### WHAT THIS TASK INVOLVES
Taking the line with "Uniqlo Classic Black Ribbed Long-Sleeve Top" as the first, copy every line through the end of the records below exactly. Do not include pictures.

(Short web captions)
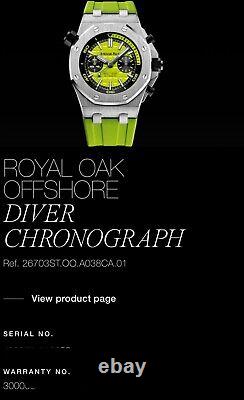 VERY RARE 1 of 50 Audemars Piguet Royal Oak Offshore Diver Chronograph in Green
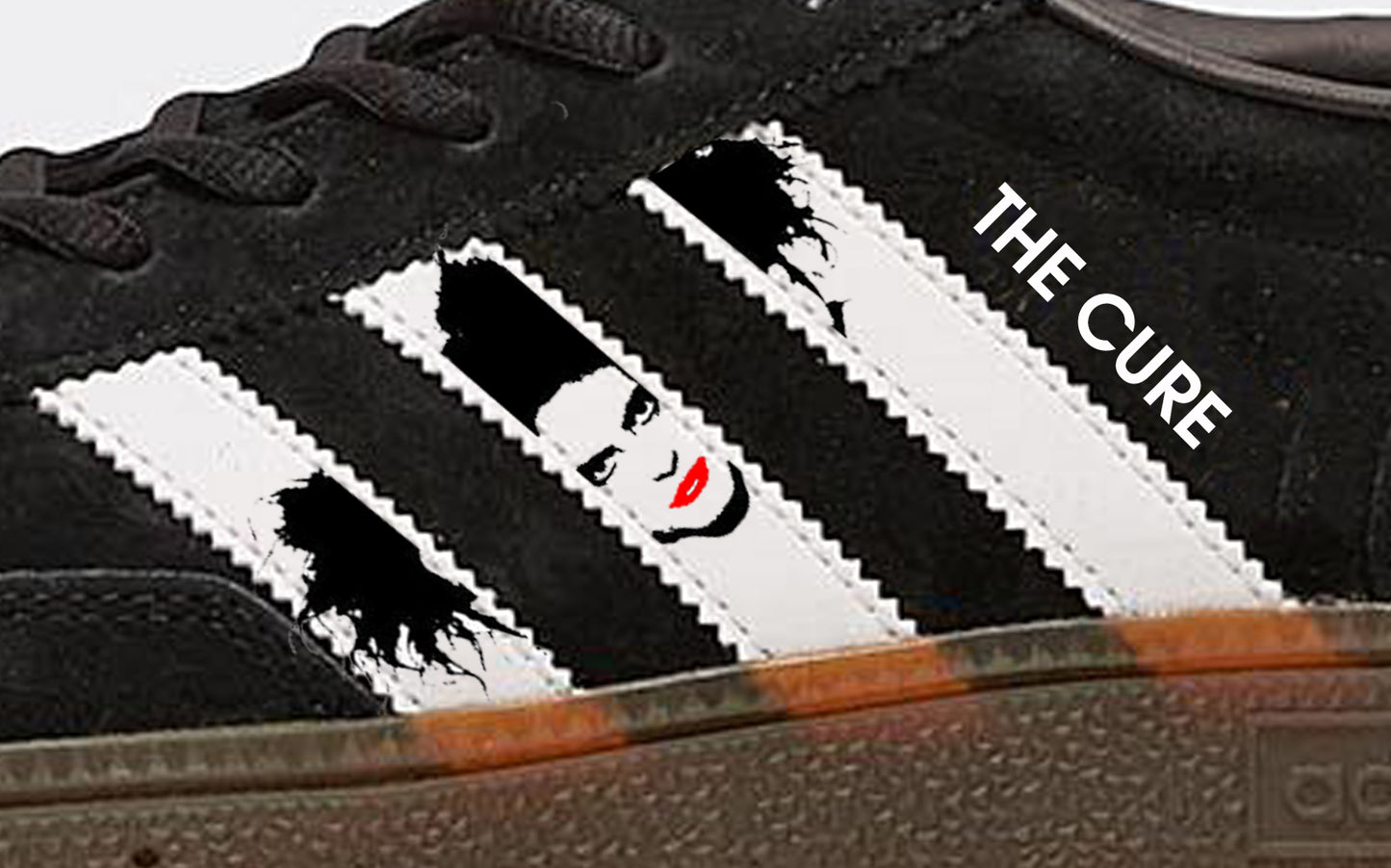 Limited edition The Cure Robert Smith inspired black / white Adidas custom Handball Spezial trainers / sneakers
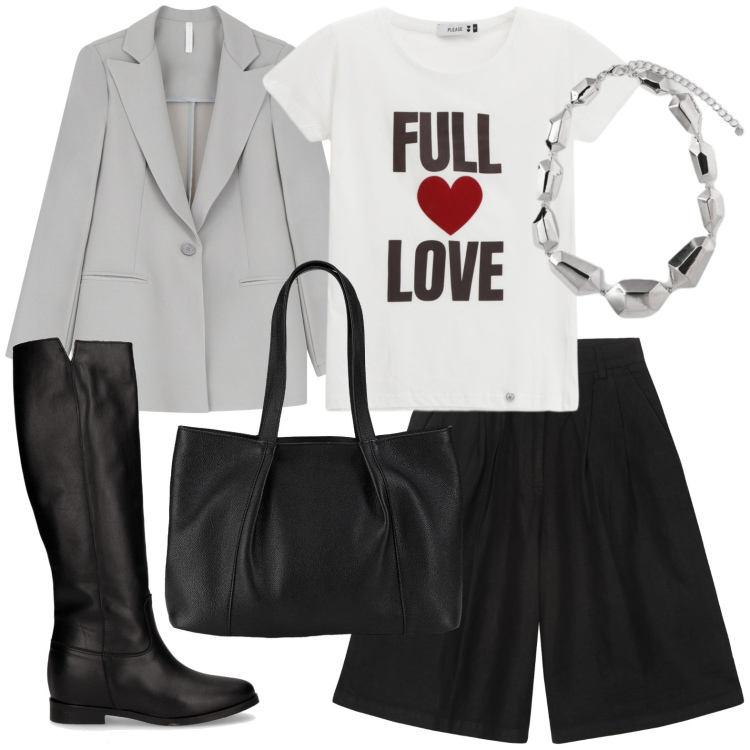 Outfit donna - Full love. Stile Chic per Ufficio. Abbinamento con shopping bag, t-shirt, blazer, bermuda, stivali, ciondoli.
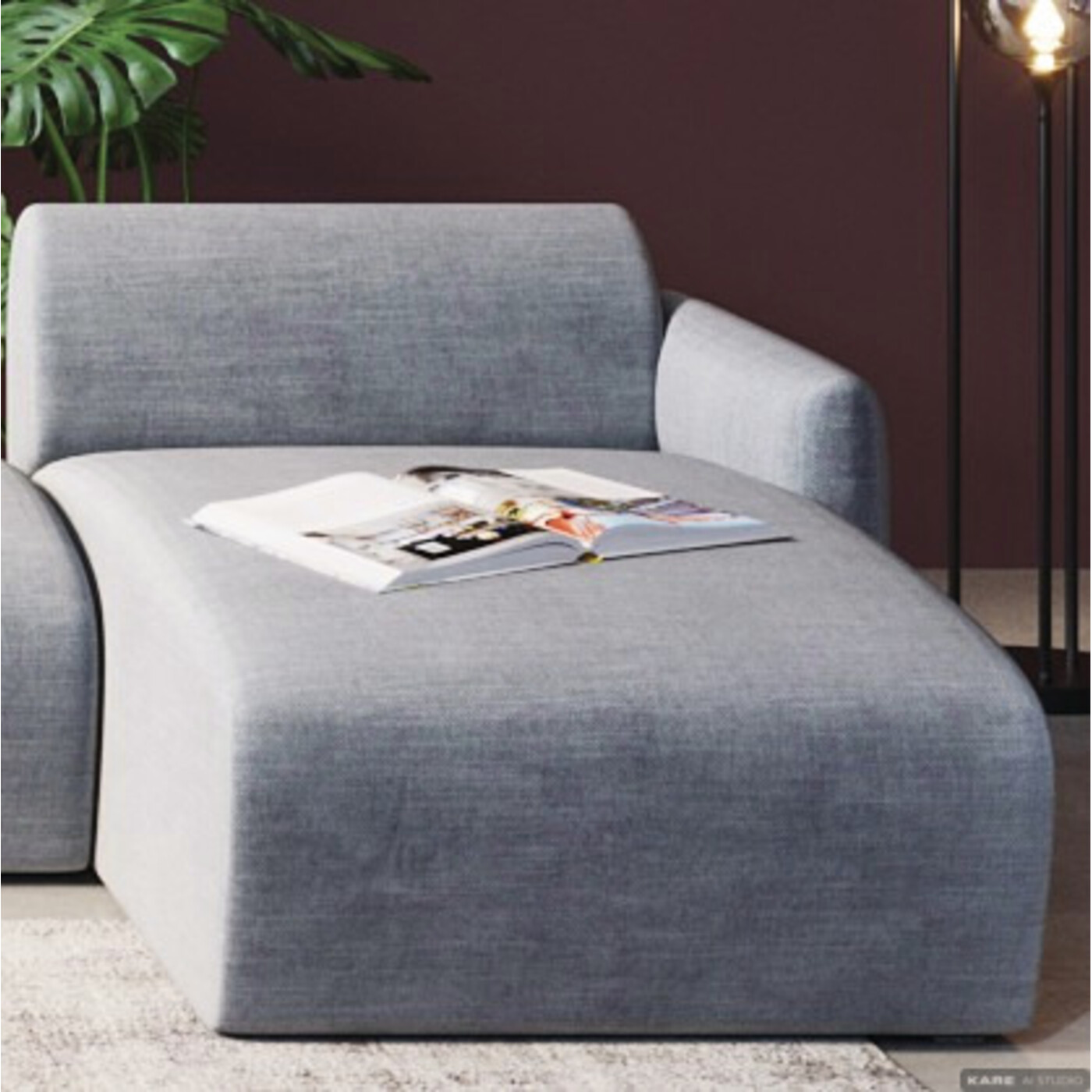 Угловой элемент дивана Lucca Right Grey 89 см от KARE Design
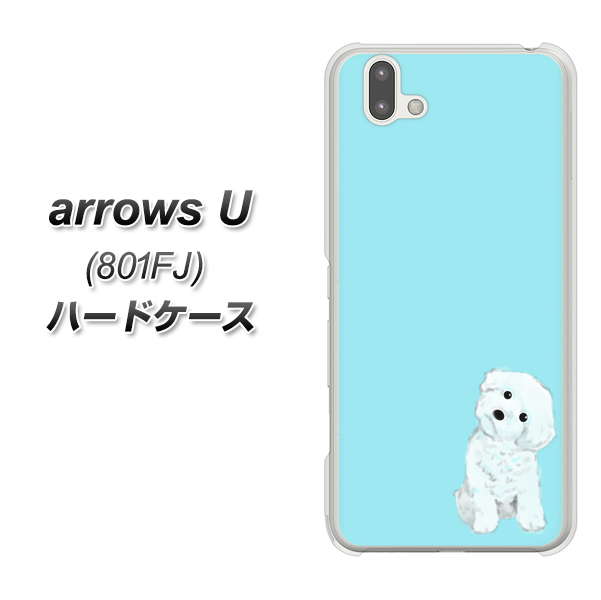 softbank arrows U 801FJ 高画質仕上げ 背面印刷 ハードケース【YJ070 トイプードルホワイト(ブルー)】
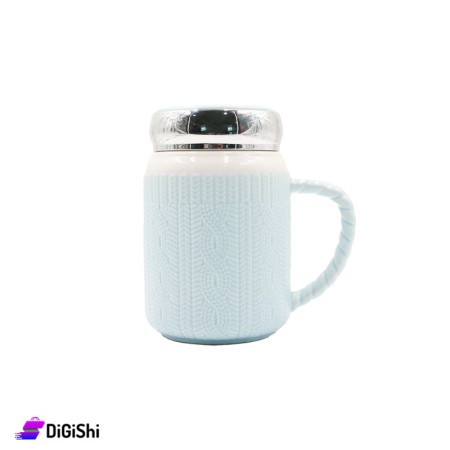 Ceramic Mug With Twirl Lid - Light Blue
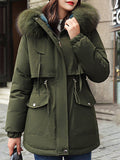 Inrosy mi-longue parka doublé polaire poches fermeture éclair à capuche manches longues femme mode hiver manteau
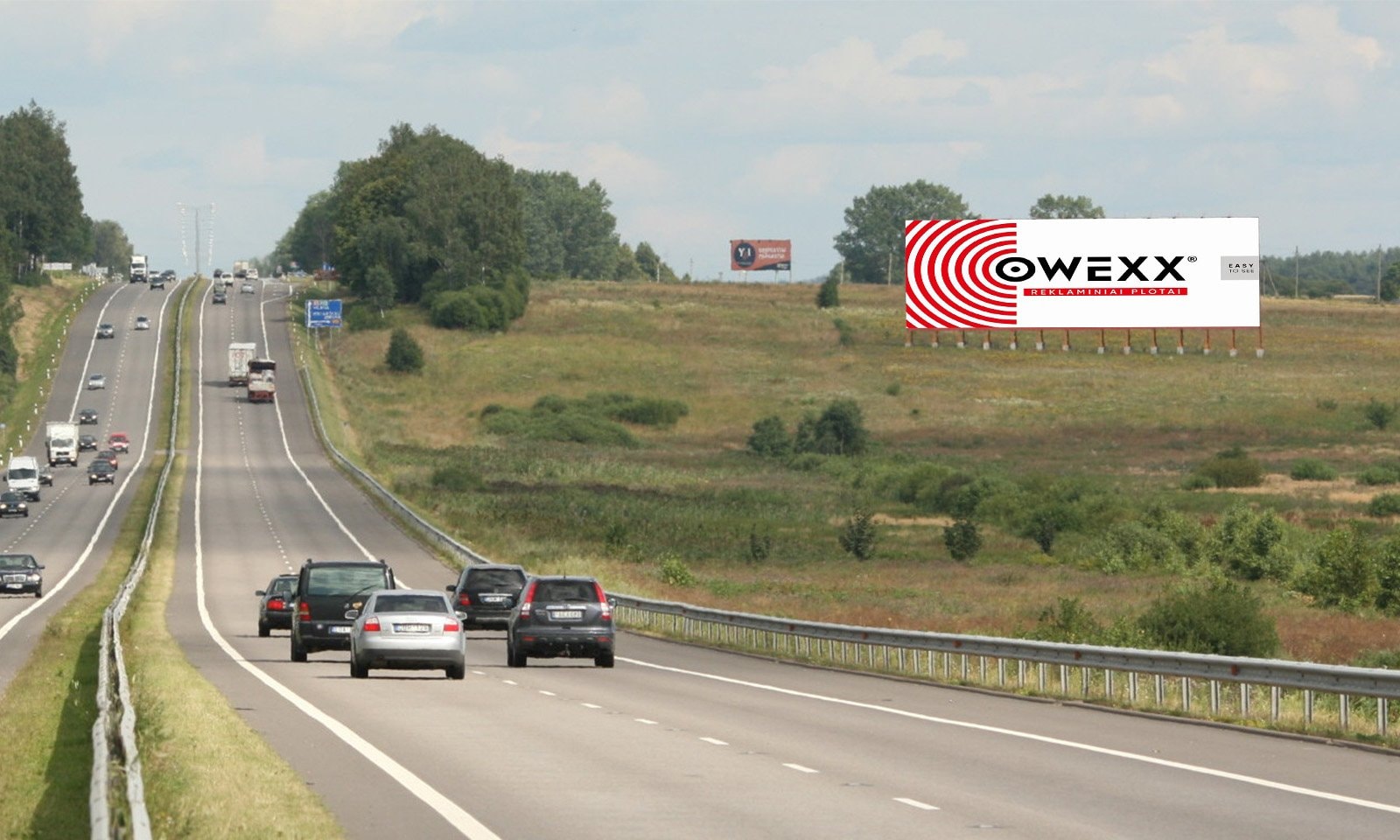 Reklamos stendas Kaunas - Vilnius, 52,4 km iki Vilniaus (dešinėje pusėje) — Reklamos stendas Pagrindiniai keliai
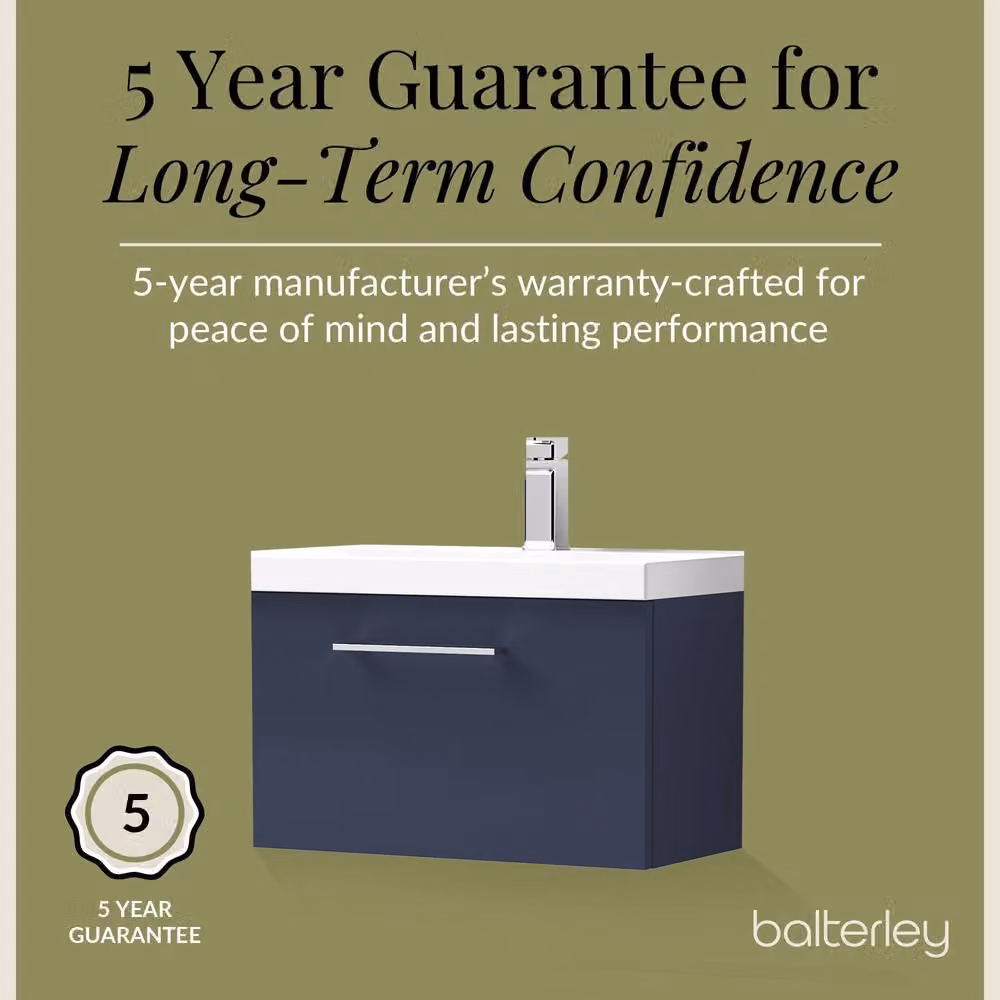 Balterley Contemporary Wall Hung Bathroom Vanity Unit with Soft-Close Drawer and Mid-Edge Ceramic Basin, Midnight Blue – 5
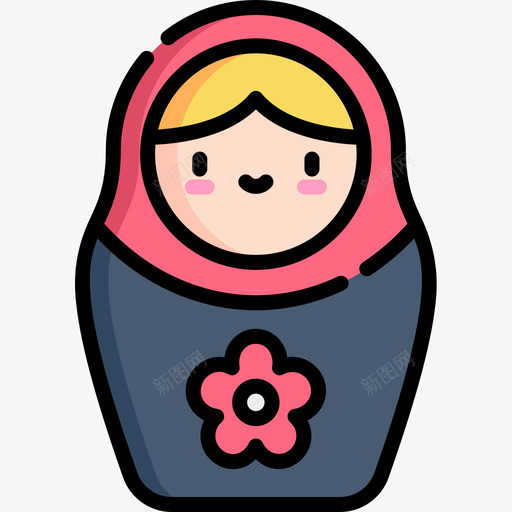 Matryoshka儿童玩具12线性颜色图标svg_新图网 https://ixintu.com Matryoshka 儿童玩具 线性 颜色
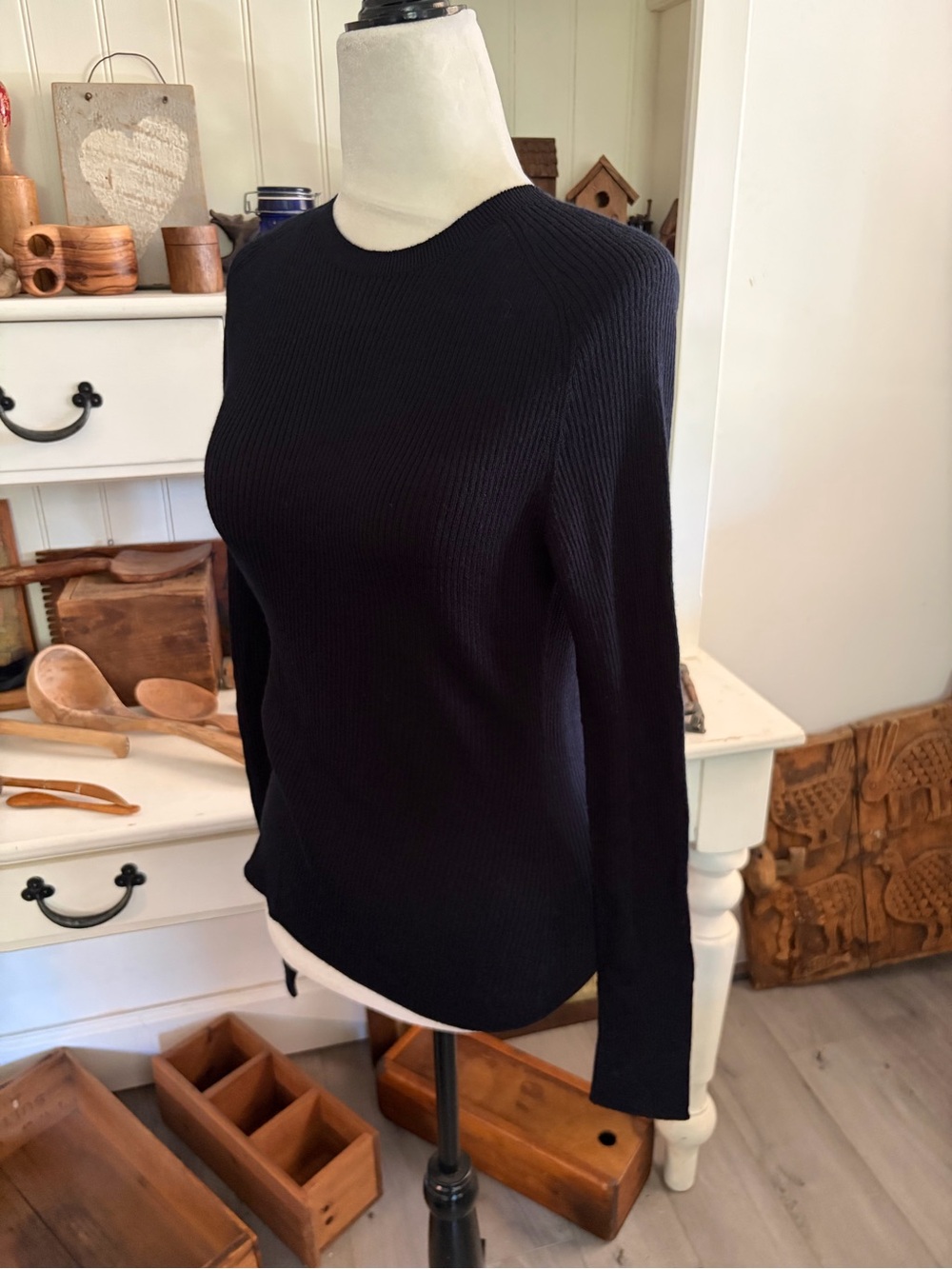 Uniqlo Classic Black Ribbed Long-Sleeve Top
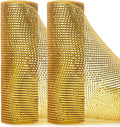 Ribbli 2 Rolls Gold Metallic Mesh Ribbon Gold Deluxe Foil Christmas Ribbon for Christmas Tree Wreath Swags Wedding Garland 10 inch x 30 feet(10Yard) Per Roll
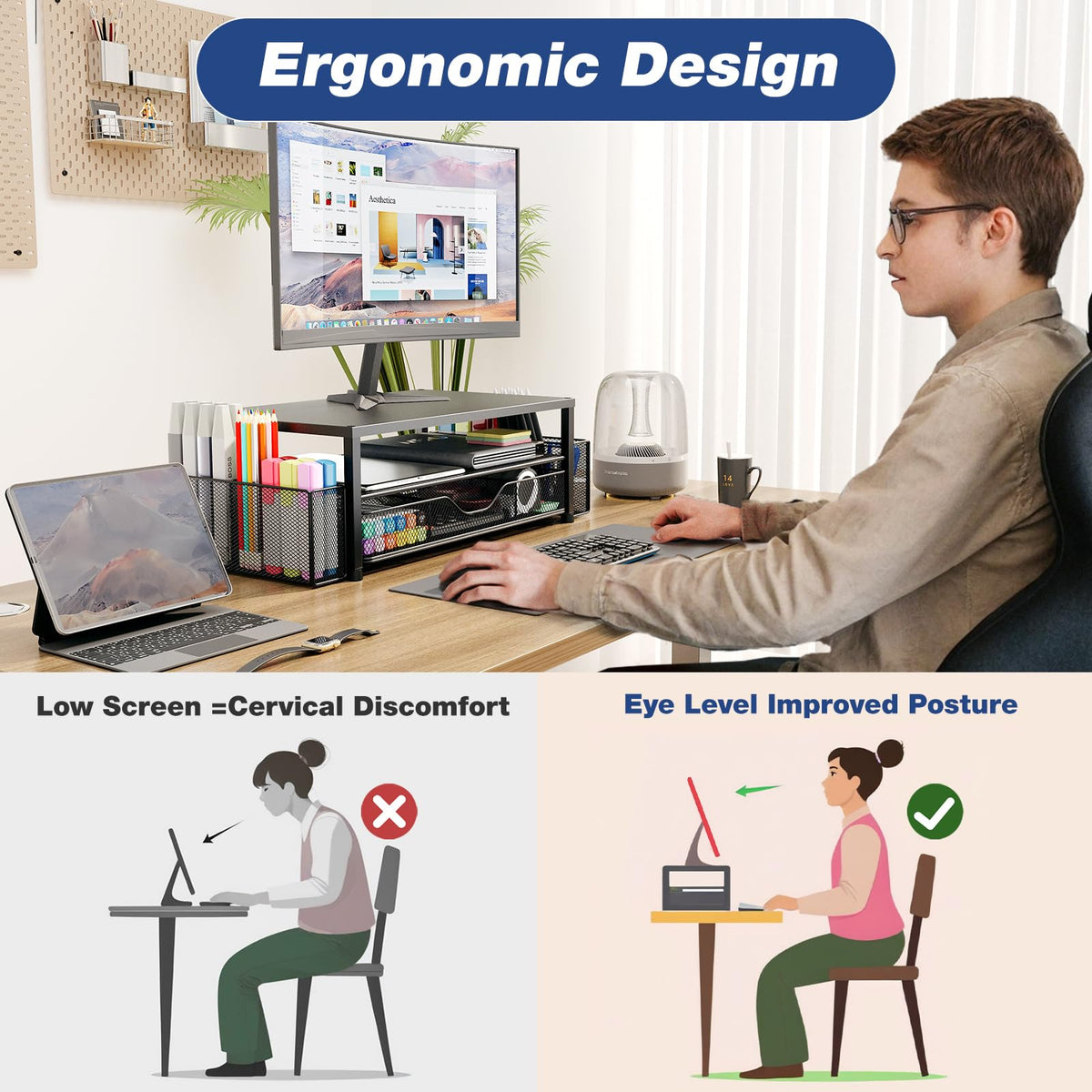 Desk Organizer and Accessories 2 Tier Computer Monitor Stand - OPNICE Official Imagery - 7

### YOUR SOLUTION
 Uniqlo Classic Black Ribbed Long-Sleeve Top
 Ribbli 2 Rolls Gold Metallic Mesh Ribbon Gold Deluxe Foil Christmas Ribbon for Christmas Tree Wreath Swags Wedding Garland 10 inch x 30 feet(10Yard) Per Roll
 Desk Organizer and Accessories 2 Tier Computer Monitor Stand - OPNICE Official Imagery - 7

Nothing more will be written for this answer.